Ai sensi dell’art. 23 del d.lgs. n. 50/2016 (Codice dei Contratti Pubblici), la progettazione in materia di lavori pubblici si articola attraverso il succedersi di tre fasi scandite da differenti peculiarità, corrispondenti a differenti livelli di approfondimento (progettazione di fattibilità tecnica ed economica, progettazione definitiva e progettazione esecutiva).

I detti livelli costituiscono, di fatto, una suddivisione di contenuti che interagiscono tra di loro e che si sviluppano con continuità. I passaggi da un livello all’altro sono in qualche modo vincolati, il che impedisce uno stravolgimento o una sostanziale dispersione dei caratteri originali del progetto nel transito da una fase all’altra. Tanto allo scopo di assicurare, siccome prescritto dalla detta norma, primariamente “il soddisfacimento dei bisogni della collettività”.

Tanto premesso occorre rammentare, per quel che qui interessa, che è nel progetto “preliminare” (di fattibilità tecnica ed economica) che debbono essere definite le caratteristiche qualitative e funzionali dei lavori, il quadro delle esigenze da soddisfare e delle specifiche prestazioni da fornire.

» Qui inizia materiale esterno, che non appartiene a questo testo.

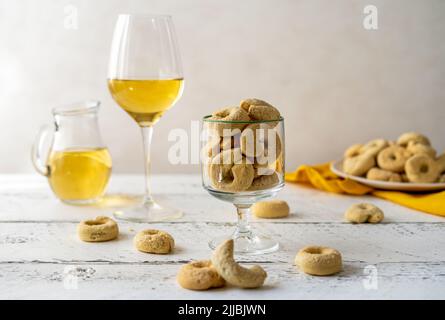 Dolci biscotti italiani Taralli a base di vino bianco, zucchero, olio d'oliva, uova e farina Foto Stock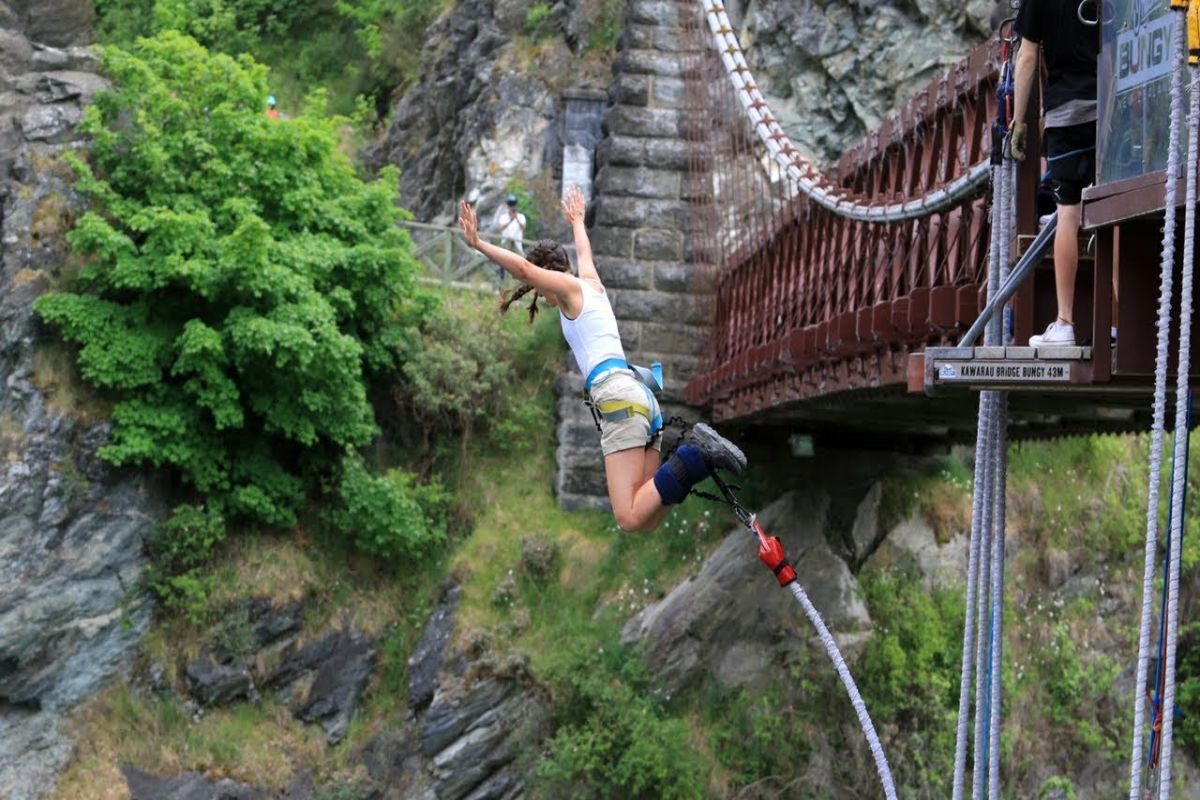 bungee Jumping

Esso consiste in una relazione illustrativa e comparativa delle ragioni della scelta della soluzione prospettata in base alle valutazioni delle diverse soluzioni possibili in termini di costi e benefici per la collettività (parere Cons. Stato n. 855/1.04.2016). E’ nel progetto di fattibilità, allora, che deve enuclearsi la prospettiva dell’ accettazione  sociale  dell’opera” poiché in esso è trasfusa l’esigenza collettiva dell’opera stessa ed il contemperamento degli interessi cittadini coinvolti. Sicché l’approvazione di questo primo livello di progettazione è, e diversamente non potrebbe essere, di competenza della Giunta Comunale atteso che in questa sede si enucleano gli obiettivi ed i programmi politico –amministrativi dell’Ente.

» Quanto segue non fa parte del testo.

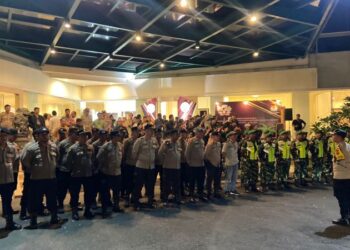 Polresta Manado melaksanakan pengamanan ketat selama berlangsungnya Debat Kedua Pasangan Calon Walikota dan Wakil Walikota Manado. Acara yang diadakan di Ballroom Peninsula Hotel, Jl. Jendral Sudirman, Kecamatan Wenang, dimulai pukul 19.00 Wita ini mengusung tema penting yang mencakup Ekonomi Produktif dan Kreatif, Lingkungan Hidup dan Mitigasi Bencana, Pariwisata, serta Infrastruktur yang Berkelanjutan, Minggu (3/11/2024).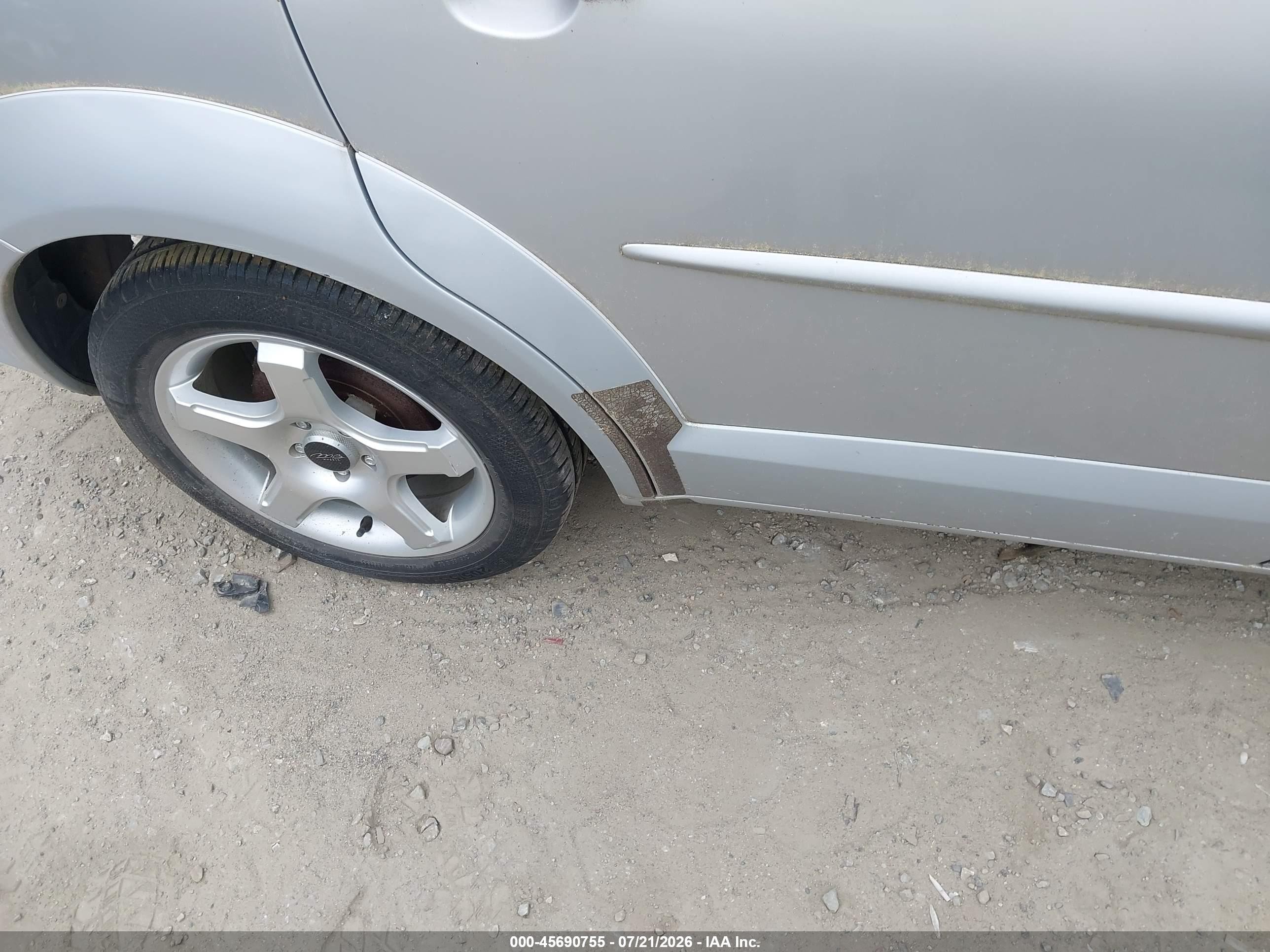 2005 Pontiac Vibe   Silver vin: 5Y2SL63895Z427586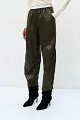Pantaloni Joy barrel cu efect de piele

Diversamente, il progetto definitivo individua compiutamente i lavori da realizzare nel rispetto delle esigenze, dei criteri, dei vincoli, degli indirizzi e delle indicazioni stabiliti nel progetto di fattibilità. Esso, pure approvato dalla Giunta comunale, salvo che comporti una variante allo strumento urbanistico, contiene tutti gli elementi necessari ai fini del rilascio delle prescritte autorizzazioni e approvazioni (art. 24 DPR n. 207/2010).

Il progetto esecutivo, da ultimo, pur non compiendo alcuna “scelta politica – amministrativa” (TAR Emilia Romagna, Sezione II Bologna – Sentenza 22/03/2004 n. 409), va redatto in conformità del progetto definitivo. In tale “ultimo” livello progettuale si determinano, difatti, in dettaglio i lavori da realizzare e il relativo costo previsto, onde consentire che ogni elemento sia identificabile in forma, tipologia, qualità, dimensione e prezzo.  Esso costituisce la ingegnerizzazione di tutte le elaborazioni progettuali ed ha la funzione di definire compiutamente l’intervento da realizzare già approvato e scelto nelle precedenti fasi. Non v’è, pertanto, nel ridetto ultimo livello di progettazione, espressione del medesimo potere esercitato in sede di approvazione del progetto preliminare o definitivo, poiché esso si colloca nella fase della mera esecuzione degli stessi.

Legittimamente, allora, il progetto esecutivo dell’opera è approvato dal Dirigente di settore in quanto espressione di un potere gestorio/esecutivo da esplicarsi nel rispetto” delle esigenze, dei criteri, dei vincoli e degli indirizzi stabiliti nel progetto preliminare (TAR Cagliari 29/12/1998 n. 1431).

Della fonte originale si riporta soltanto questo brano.